But I don't need a study to prove it to you. I can tell you a story that takes place around WW2. 

There was once a man named Nicholas Winton. He was a 29-year-old stockbroker from Britain with no children. In 1938, Winton took a trip to Prague on the advice of a friend. Around that time, Nazi Germany had just annexed the Sudetenland thanks to the Munich Agreement, and that meant a lot of Jewish refugees from that area had fled to Czechoslovakia. 

Winton was horrified by the situation of the refugees, but particularly that of the Jewish children. 

So, Winton set up a base of operations in his hotel room, and for three weeks, he organized transports for children to bring them into Britain. Once back in Britain, he organized many of these children to find foster homes. 

The Nazis would soon invade and take over Prague, but Winton didn't stop his work. From the U.K., he continued to organize trains to bring children to the safety of Britain, literally under the noses of the Nazis. 

All told, he would extract 669 children, and would've gotten more had the Nazis not invaded Poland while trying to get the ninth train out. 
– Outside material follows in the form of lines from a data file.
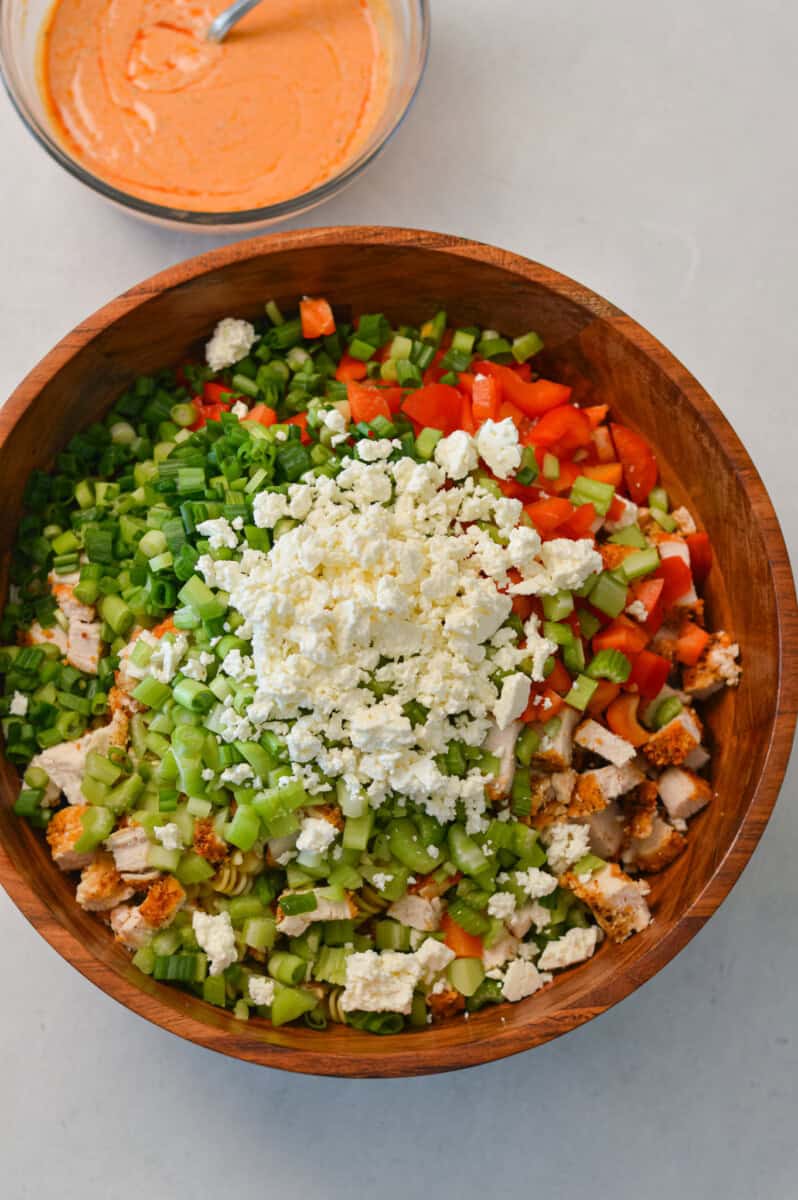 All ingredients for the buffalo chicken salad added to a large salad bowl.
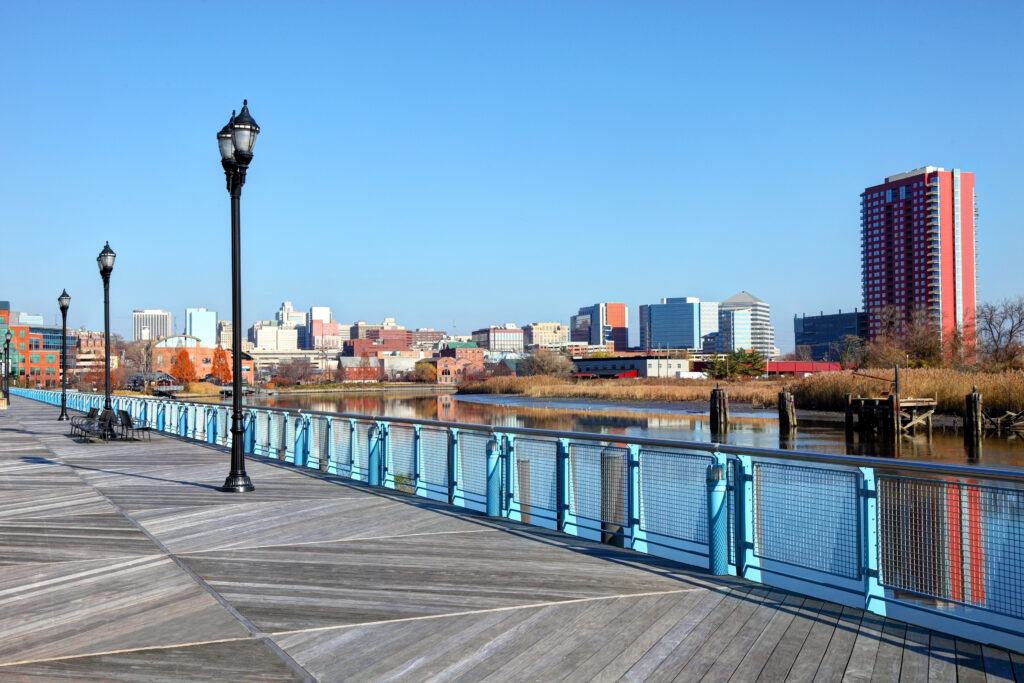 A scenic boardwalk with a stunning city skyline in the background. Enjoy a leisurely stroll by the water's edge.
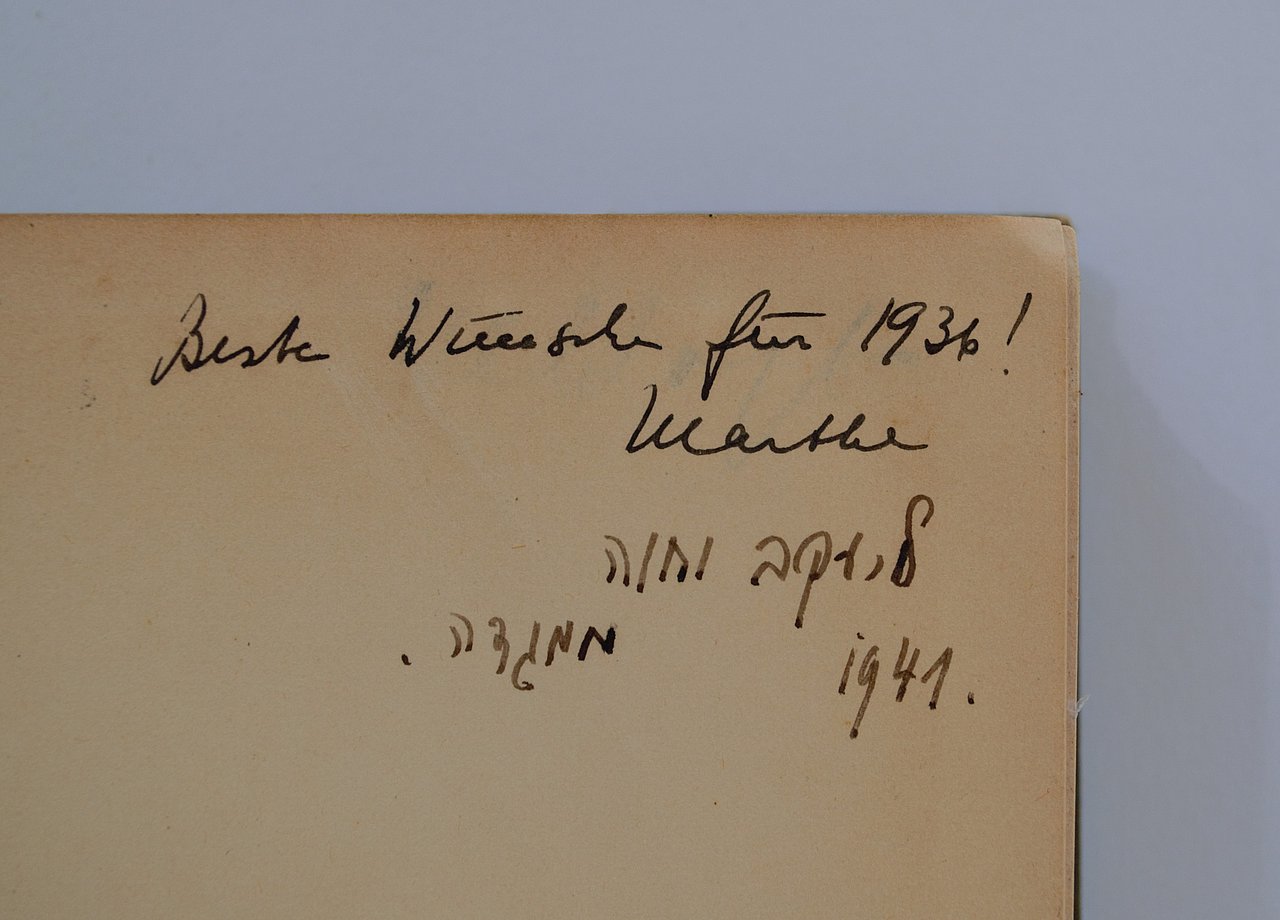 [Translate to English:] Vorsatz mit zwei Widmungen, eine in lateinischer, die andere in hebräischer Schrift. Die erste widmung besagt: "Beste Wünsche für 1936! Marthe". Die zweite Widmung auf hebräisch besagt: "Für Jacob und Eva 1941 von Magda" Die erste Widmung ist vermutlich für einen Vorbesitzer oder Vorbesitzerin bestimmt, die zweite richtet sich direkt an das Ehepaar Toury.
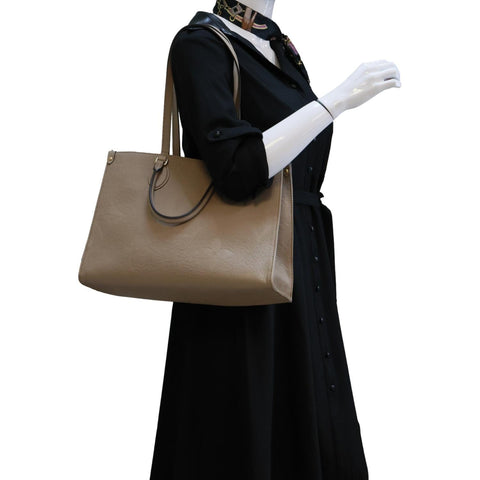 LOUIS VUITTON Onthego MM Giant Monogram Empreinte Leather Tote Bag Beige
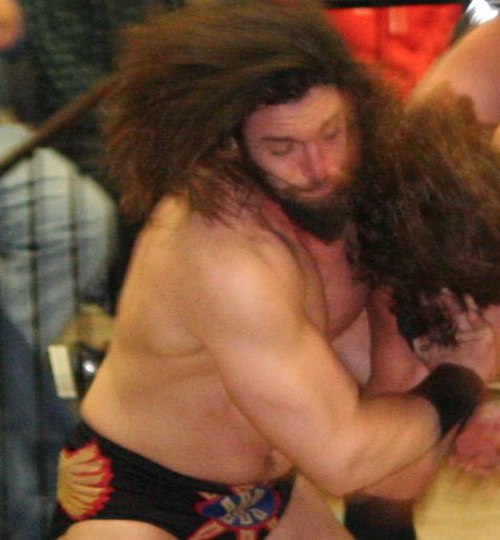 Logan Shulo wrestling at an International Wrestling Cartel (IWC) event in February 2012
In 1988, Sir Nicholas Winton would be honored on the BBC program "That's Life," where he would be unknowingly seated in the front row, with many of the children he saved sitting next to and behind him. It's one of the more moving moments in television history. 

He's hardly the first, nor the last. Men stepping in to protect and save children that aren't their own is a common thread throughout history. Winton is one of the prime examples of how a man will go above and beyond to care for them.

It's sad to see how modern society has effectively erased the caring nature of men towards children from the consciousness of the public despite constant reminders of it.